ACTIVITY:
Leave out all pictures while repeating the records exactly and completely.

↓

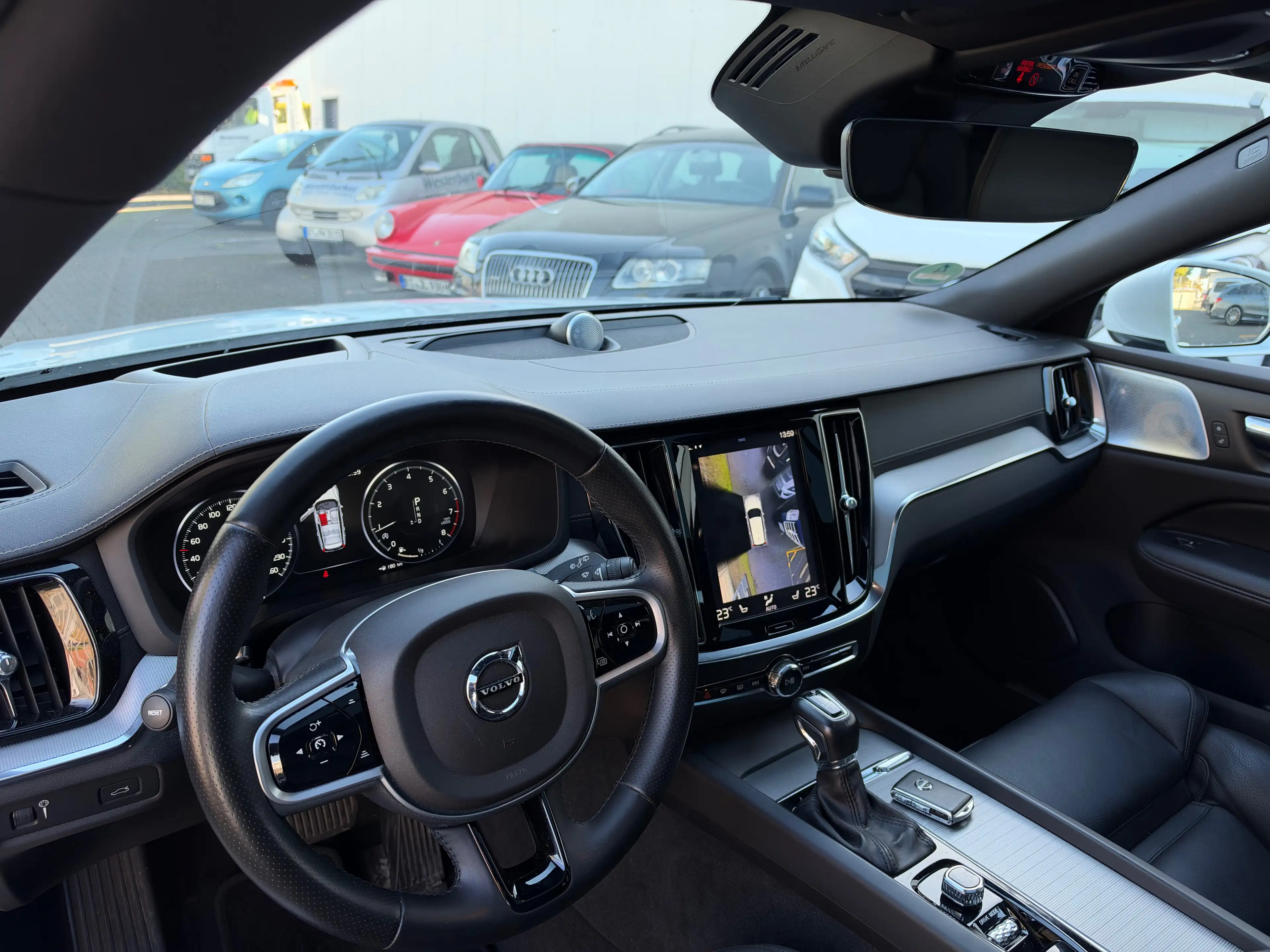 Volvo V60 Inscription AWD — photo 9
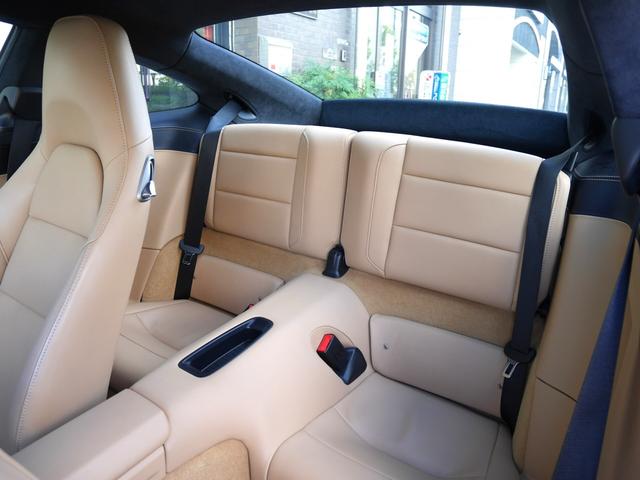 ９１１ ９１１カレラＳ　２０インチカレラＳホイール　ヒーター付きカーボンコンビステアリング　シートヒーター＆クーラー　スポーツエクゾースト　ナビＴＶ　ＥＴＣ　Ｂカメラ　ＧＰＳレーダー　ｂｌｕｅｔｏｏｔｈ　アルカンターラルーフ（28枚目）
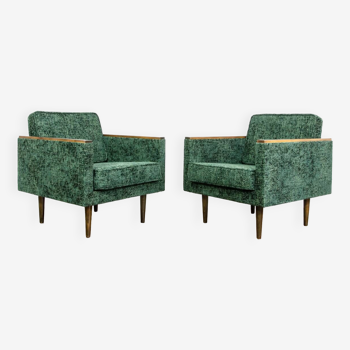 Customizable Pair Of Armchairs in Green, Poland 1970s.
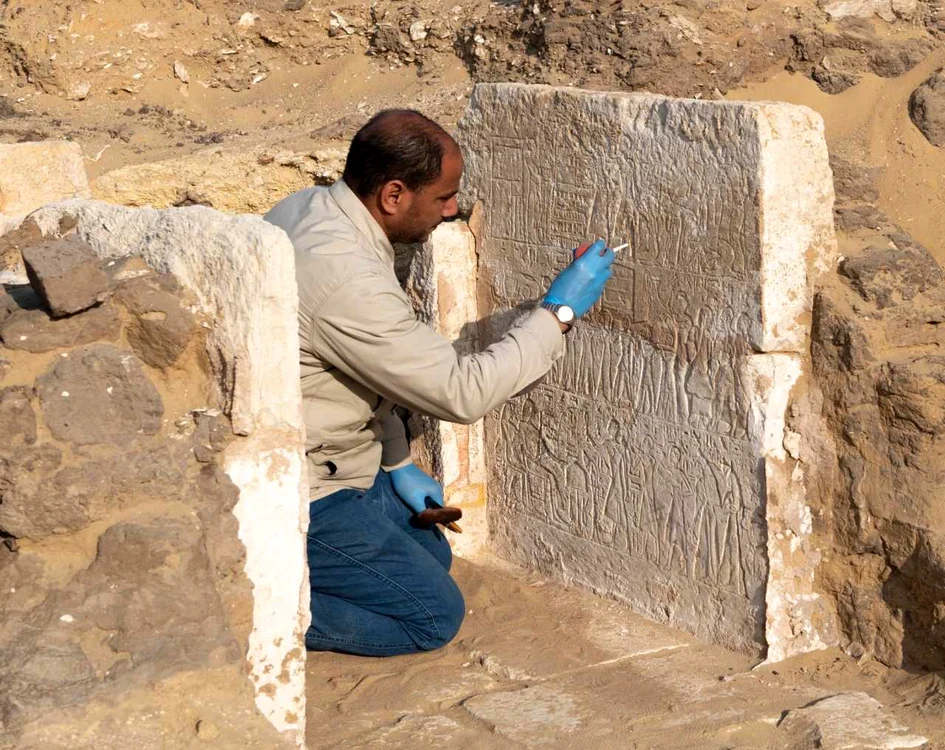 Un mormânt vechi de 3.000 de ani, descoperit în necropola Saqqara (foto: Facebook / Ministry of Tourism and Antiquities)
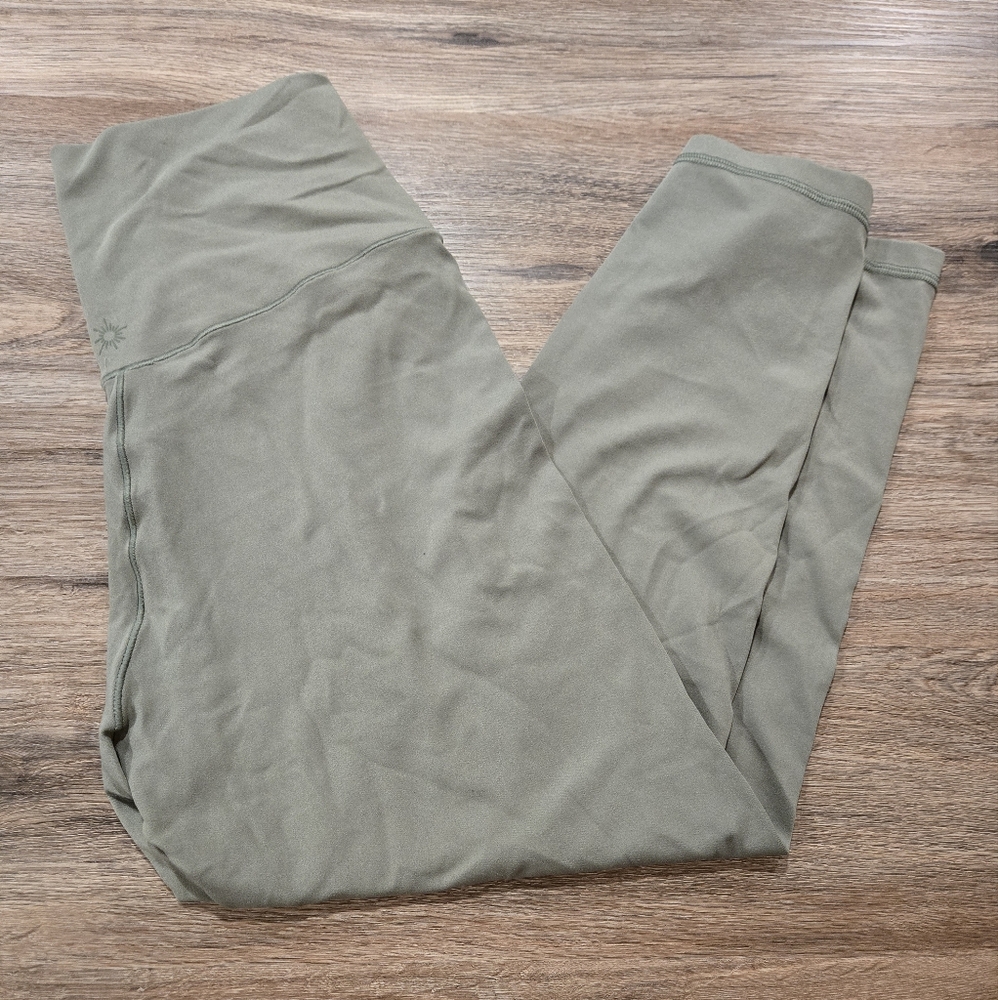 Aerie Offline XL Short Light Green Leggings
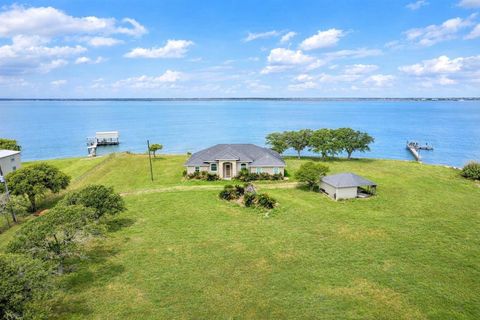 Homes For Sale - 842 County Road 478<br/> Jackson County, Palacios, TX 77465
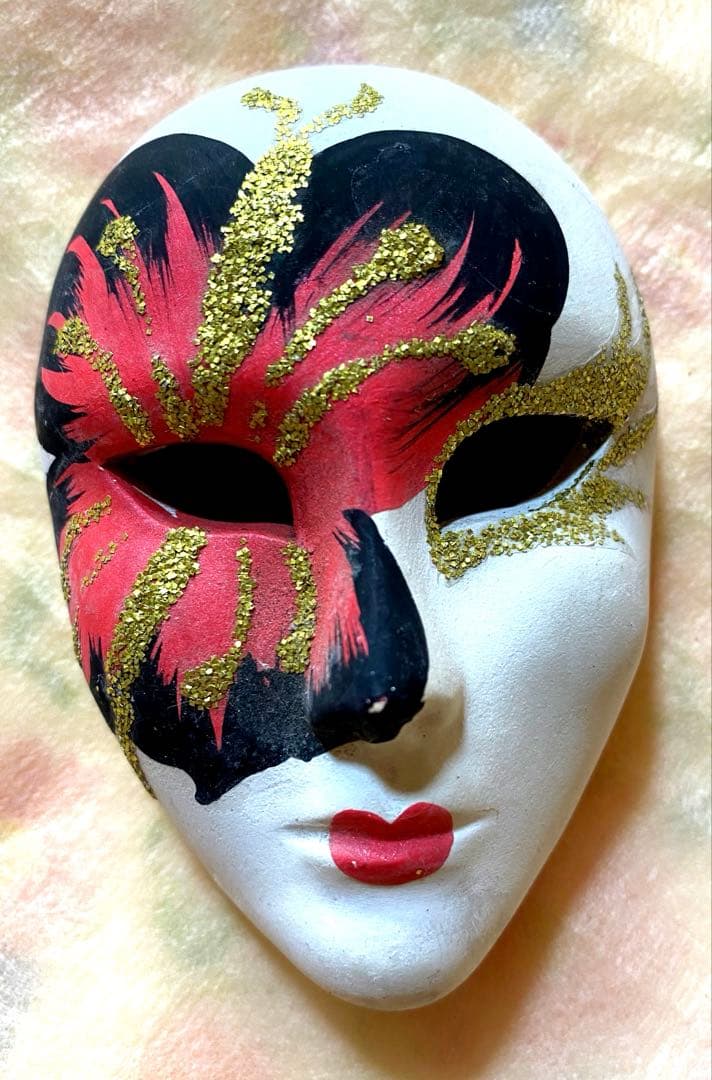 Venetian Mask Wall Hanging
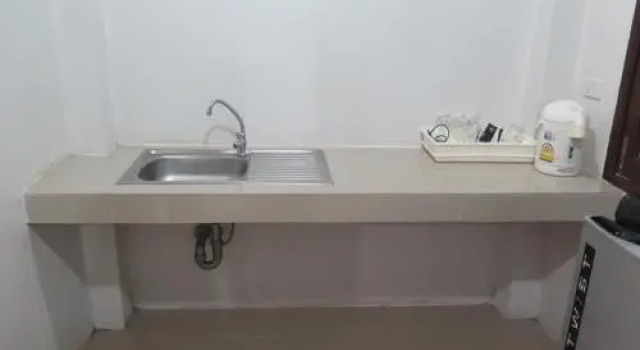 T And T House, Забронировать Отель Отели Южного Таиланда с парковкой, Парковка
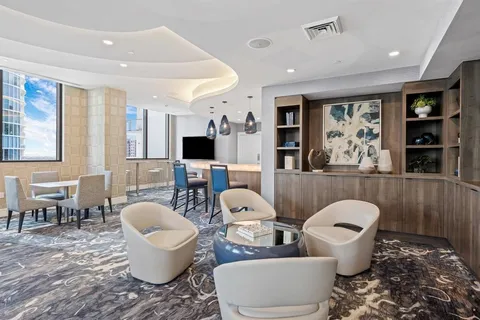 $1,595,000 | 100 East Las Olas Boulevard, Unit 1901, Fort Lauderdale, FL 33301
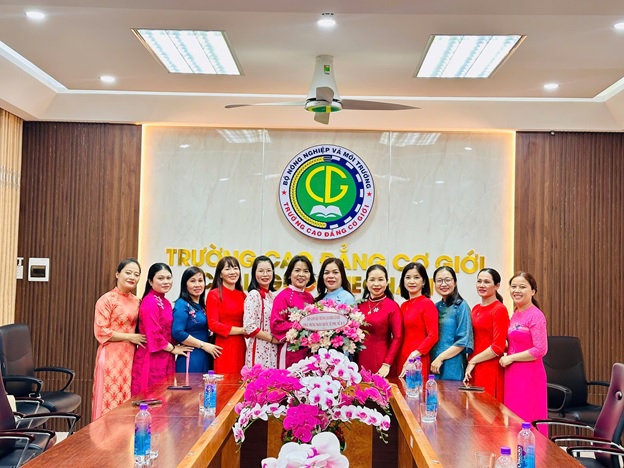 Tuần Lễ Áo Dài Chào Mừng Ngày Quốc Tế Phụ Nữ 8/3/2026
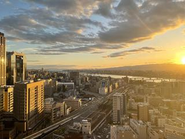 生産管理システム導入本数は1800本を超えます。※写真は本社オフィスの会議室から見える風景、絶景です。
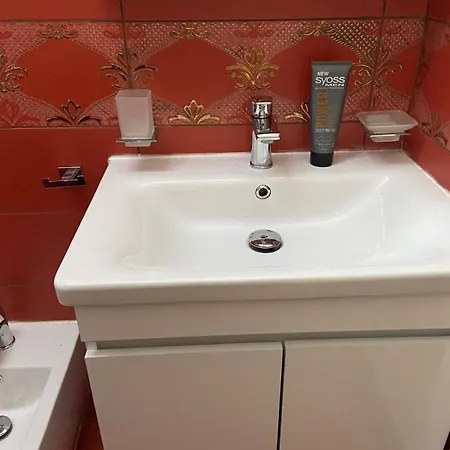 Apartment Comfy In Blloku Zone 2 Tirana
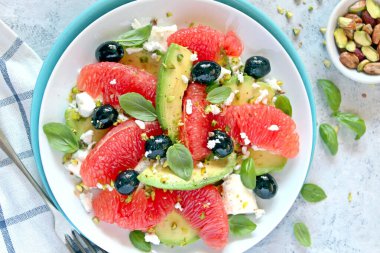 Greyfurtlu avokado salatası, peynir, zenciler ve şam fıstığı. Kopyalama alanı olan üst görünüm. Sağlıklı gıda konsepti.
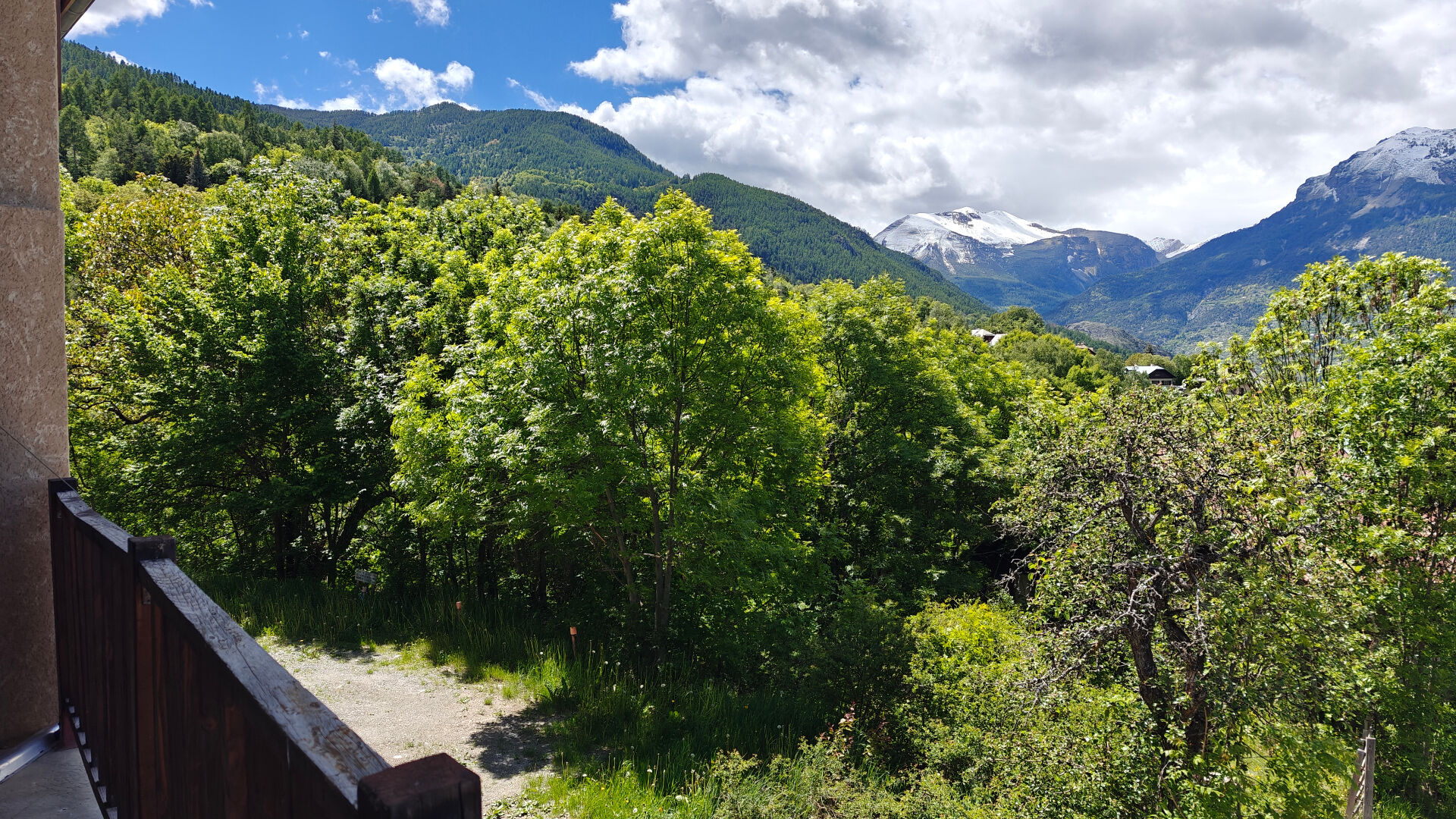 Photo 2 — LAFORET EMBRUN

↑

TASK ANSWER:
 Volvo V60 Inscription AWD — photo 9
 ９１１ ９１１カレラＳ　２０インチカレラＳホイール　ヒーター付きカーボンコンビステアリング　シートヒーター＆クーラー　スポーツエクゾースト　ナビＴＶ　ＥＴＣ　Ｂカメラ　ＧＰＳレーダー　ｂｌｕｅｔｏｏｔｈ　アルカンターラルーフ（28枚目）
 Customizable Pair Of Armchairs in Green, Poland 1970s.
 Un mormânt vechi de 3.000 de ani, descoperit în necropola Saqqara (foto: Facebook / Ministry of Tourism and Antiquities)
 Aerie Offline XL Short Light Green Leggings
 Homes For Sale - 842 County Road 478<br/> Jackson County, Palacios, TX 77465
 Venetian Mask Wall Hanging
 T And T House, Забронировать Отель Отели Южного Таиланда с парковкой, Парковка
 $1,595,000 | 100 East Las Olas Boulevard, Unit 1901, Fort Lauderdale, FL 33301
 Tuần Lễ Áo Dài Chào Mừng Ngày Quốc Tế Phụ Nữ 8/3/2026
 生産管理システム導入本数は1800本を超えます。※写真は本社オフィスの会議室から見える風景、絶景です。
 Apartment Comfy In Blloku Zone 2 Tirana
 Greyfurtlu avokado salatası, peynir, zenciler ve şam fıstığı. Kopyalama alanı olan üst görünüm. Sağlıklı gıda konsepti.
 Photo 2 — LAFORET EMBRUN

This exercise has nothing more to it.